9 Days of Madness: Things Unsettled
Edited by Chris Allinotte
Table of Contents
Introduction
Prologue: Behind These Closed Doors, by Amber Taitague
Day 1: Schizo Numericus, by Richard Godwin
Day 2: Tap, by Jodi MacArthur
Day 3: The Finger in the Freezer, by Benjamin Sobieck
Day 4: Love Makes You Real, by Marissa Giambelluca
Day 5: Recording, by R.S. Bohn
Day 6: Bookworm, by S.K. Adams
Day 7: A Stranger Comes to Town, by Christopher Grant
Day 8: Extinguished, by Laurita Miller
Day 9: Forever Behind the Walls, by Erin Cole
Author Bios
9 Days of Madness: Things Unsettled Copyright © March, 2012. All works are copyright the individual contributors. None of these works may be copied or redistributed without the express written permission of the individual author.

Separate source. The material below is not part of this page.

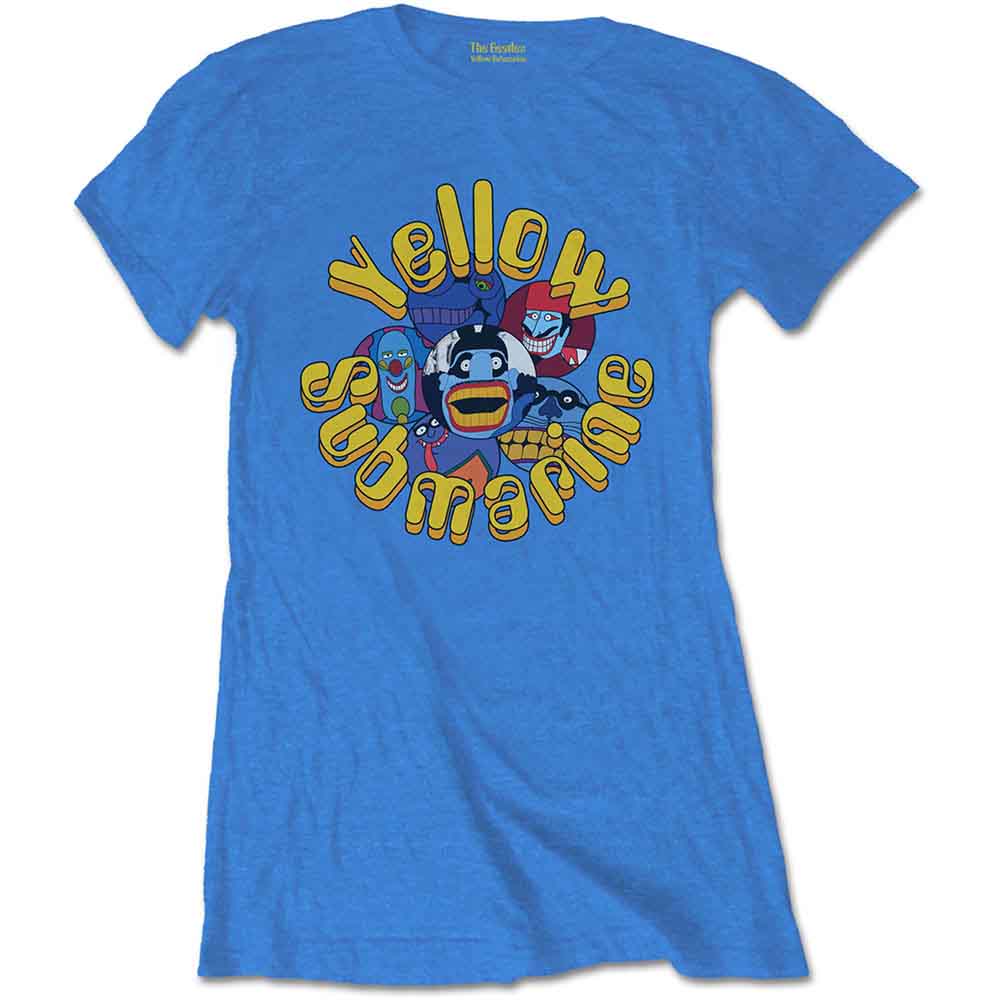 The Beatles - Yellow Submarine Baddies | Blue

All stories are works of fiction. Any similarity to persons, places or events in the past or present is strictly coincidental.
The story “Behind These Closed Doors” was previously published on the blog, Lily Childs Feardom. All rights retained by author.
The story “Extinguished” was previously published in the Elements of Horror Anthology, Elements of Horror Press. All rights retained by author.
Introduction
When I started “Madness in March” last year, it was more or less on a whim. I’d seen other “blogfests”, where the host of a site invited their fellow writers to submit stories. These in turn were featured for a set amount of time, and people would visit, read, and comment. It seemed like a lot of fun, and it brought excellent exposure to both the blogger, and the writers who were featured. That’s a win-win right there, I thought.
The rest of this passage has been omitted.